Saludo a esa nueva "yo"que me sonríe, y le pinto los labios.
Me pellizco para saber que estoy aquí, cruzando la tierra y los cielos, dejando atrás, por fin, este complejo de Penélope que siempre esperaba en andenes vacíos.
No creo que esta vez pueda buscar en el diccionario lo que estoy sintiendo.


De repente, nos engulle el tráfico y los edificios.
Ya entramos en la estación. Ya te presiento. Indago entre el vals de gente que tropieza con sus encuentros.

Una falda. Blanca. Nervios. Corazón. Buscar.

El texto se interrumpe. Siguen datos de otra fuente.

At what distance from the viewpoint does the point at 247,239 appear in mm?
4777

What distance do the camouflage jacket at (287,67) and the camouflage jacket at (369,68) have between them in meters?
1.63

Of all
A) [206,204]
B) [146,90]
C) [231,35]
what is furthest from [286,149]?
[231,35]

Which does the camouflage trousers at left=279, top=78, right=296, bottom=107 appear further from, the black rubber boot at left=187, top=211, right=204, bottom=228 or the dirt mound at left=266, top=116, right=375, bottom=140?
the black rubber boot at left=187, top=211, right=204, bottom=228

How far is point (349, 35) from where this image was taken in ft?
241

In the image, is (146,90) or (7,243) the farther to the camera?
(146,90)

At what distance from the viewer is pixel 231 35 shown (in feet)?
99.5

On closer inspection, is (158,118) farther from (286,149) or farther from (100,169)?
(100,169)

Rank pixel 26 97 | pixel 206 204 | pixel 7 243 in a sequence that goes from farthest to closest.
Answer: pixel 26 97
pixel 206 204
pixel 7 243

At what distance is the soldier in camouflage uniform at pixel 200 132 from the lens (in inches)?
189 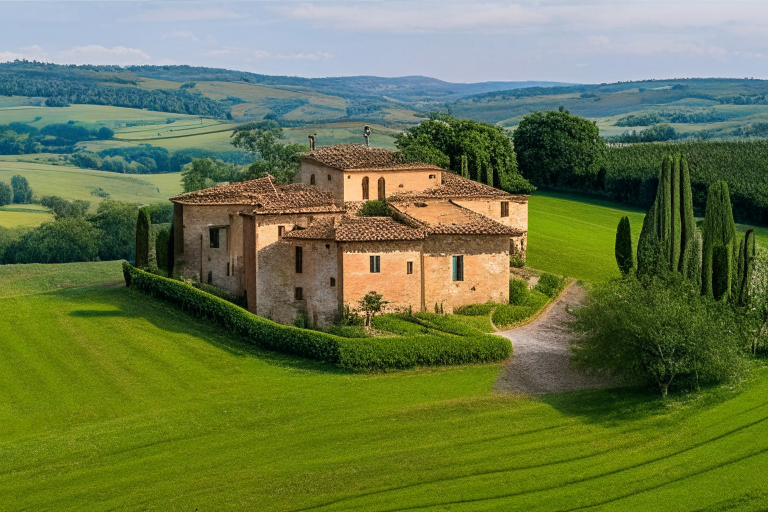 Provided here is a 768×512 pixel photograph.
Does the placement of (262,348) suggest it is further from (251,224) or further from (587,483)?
(587,483)

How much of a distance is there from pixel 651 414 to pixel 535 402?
4115 mm

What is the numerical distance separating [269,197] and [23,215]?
251 ft

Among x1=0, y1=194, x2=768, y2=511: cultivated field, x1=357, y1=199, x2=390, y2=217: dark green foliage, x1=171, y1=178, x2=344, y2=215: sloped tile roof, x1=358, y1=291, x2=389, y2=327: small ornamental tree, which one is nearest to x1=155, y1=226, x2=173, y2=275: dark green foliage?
x1=171, y1=178, x2=344, y2=215: sloped tile roof

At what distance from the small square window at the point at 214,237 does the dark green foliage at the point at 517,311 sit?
1384 cm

La relación entre los acontecimientos ha llegado a su cumbre, justo cuando mi mirada se ha cruzado con tu puntual cara de niño expectante.
Ahora creo en el equilibrio, estando tan cerca sin rozarnos,comunicandonos sin hablar, sintiendo este cosquilleo exclusivo que sube desde los pies...
Seguimos acotando los mapas, esperando que la gravedad se encargue del resto. Tan solo cinco baldosas, dos suspiros y me cobro el abrazo que nos debíamos.
Desde tu hombro se empieza a ver todo diferente.
¿Donde estabas, cuando aun no existias?...
Coges mi maleta y me rodeas con tu brazo, mientras yo empiezo a acostumbrarme a tus huellas dactilares.

Un coche. Rojo. Manos. Besos. Sol.

Sobrevuela la mediatarde, mientras prolongamos el infinito y lo elevamos al cuadrado. Con prisas. Despacio. A nuestro antojo.
La noche ha proclamado los echos al día y le ha pedido en confianza, que nos cuide, que somos clientes habituales.
Atardece, y aun nos espera la brisa y el olor a sal.
Cualquier semáforo es una excusa diferente. Mi mano izquierda cambia de marcha con la tuya, y la derecha aparta el flequillo para dedicarte miradas complacientes acompañadas de sonrisas en todas sus anchuras.

Ahora se divisa el mar. Llegamos al castillo donde se formularán nuestros deseos. Tú abres la puerta, y yo te sigo sin tocar el suelo.

Una cama. Amarillo. Caricias. Piel. Sudor.

Esto es una nueva historia. Los primeros acordes de una canción de amor. Todo lo demás, ya es lo de menos.